Segment Start: Records
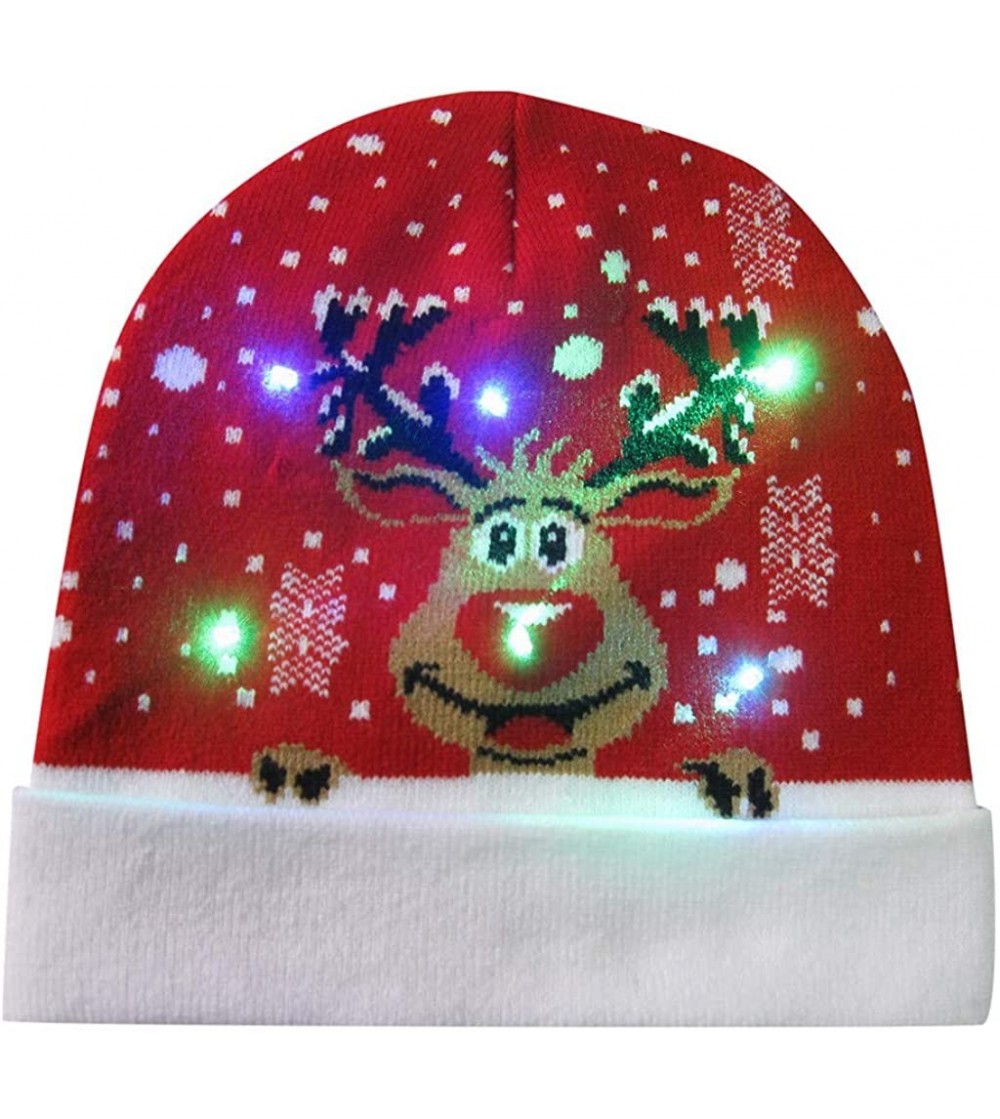 Bomber Hats LED Light-up Knitted Hat Ugly Sweater Holiday Xmas Christmas Beanie Cap - G - C418ZMQWROH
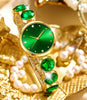 ADSBIAOYE Elegant Women Wrist Watches Unique Diamond Bracelet Watch Fashion Dress Quartz Watch Ladies Gift Watches (1 Green)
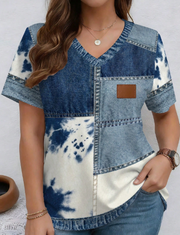 Shein Patchwork Pattern Twill Texture Round Neck Plus Size T-Shirt, 0XL -.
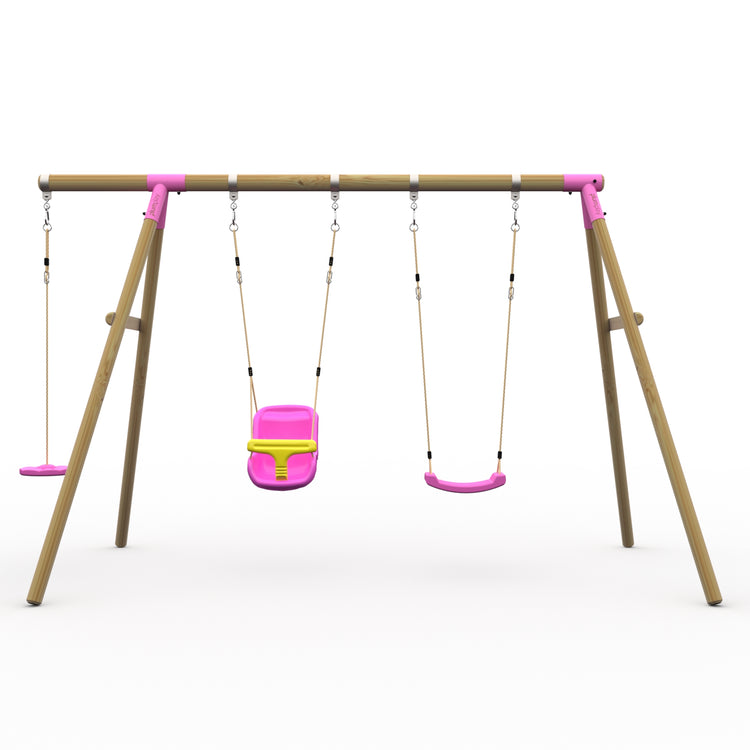 Plum® Loris™ Wooden Swing Set - Single Swing, Baby Seat & Disc Seat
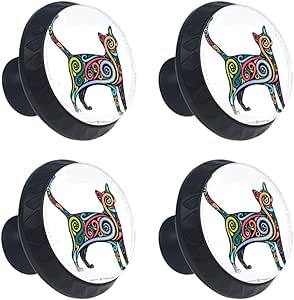 EZIOLY - Tiradores de cristal para gabinete, 4 piezas, diseño de gato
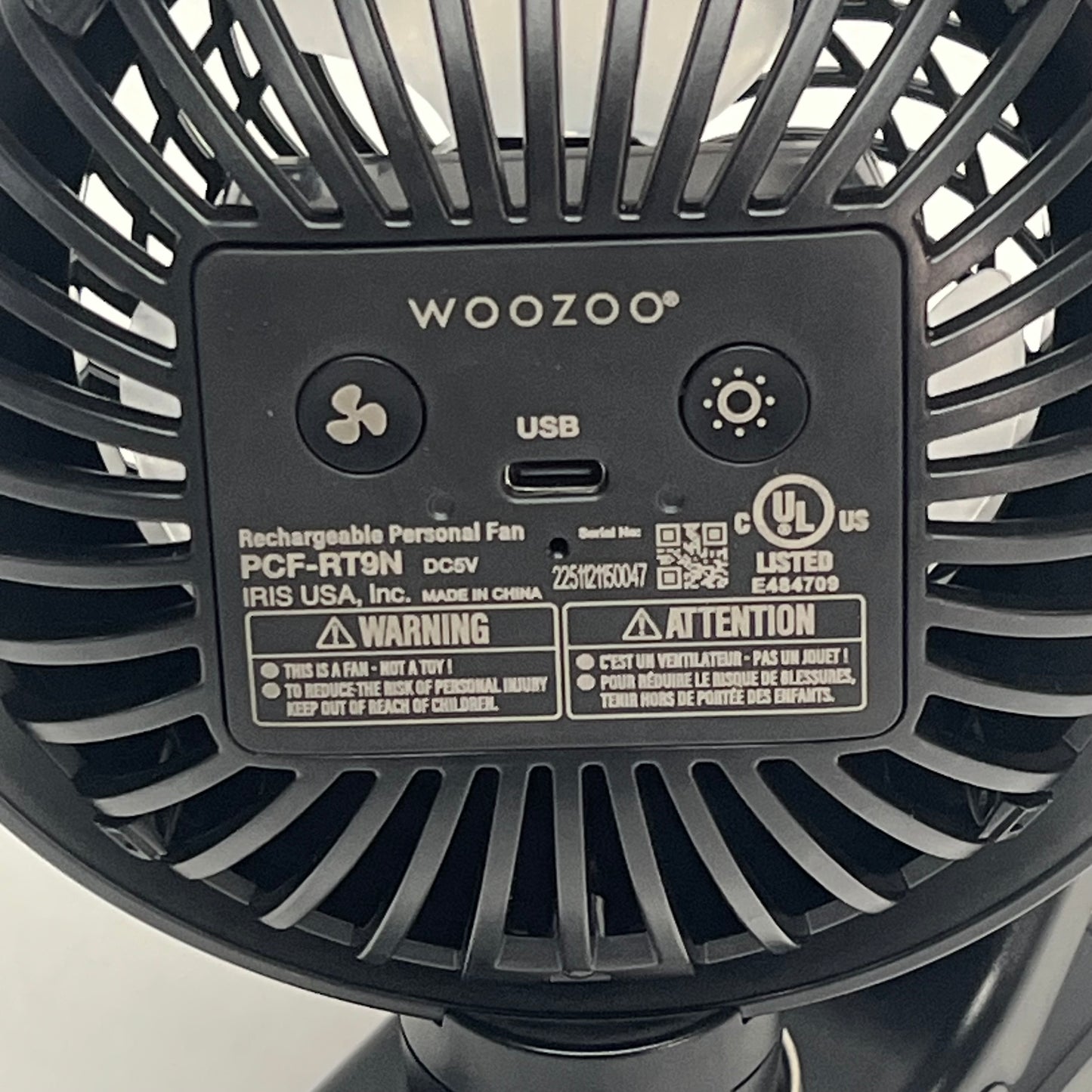 WOOZOO Cordless Portable Clip on Fan W/ Tilt & Speeds 3.5" Black PCF-RT9N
Segment End: Records
## To do
Drop the pictures and reproduce the rest of the entries above exactly.

## Worked solution
 Bomber Hats LED Light-up Knitted Hat Ugly Sweater Holiday Xmas Christmas Beanie Cap - G - C418ZMQWROH
 ADSBIAOYE Elegant Women Wrist Watches Unique Diamond Bracelet Watch Fashion Dress Quartz Watch Ladies Gift Watches (1 Green)
 Shein Patchwork Pattern Twill Texture Round Neck Plus Size T-Shirt, 0XL -.
 Plum® Loris™ Wooden Swing Set - Single Swing, Baby Seat & Disc Seat
 EZIOLY - Tiradores de cristal para gabinete, 4 piezas, diseño de gato
 WOOZOO Cordless Portable Clip on Fan W/ Tilt & Speeds 3.5" Black PCF-RT9N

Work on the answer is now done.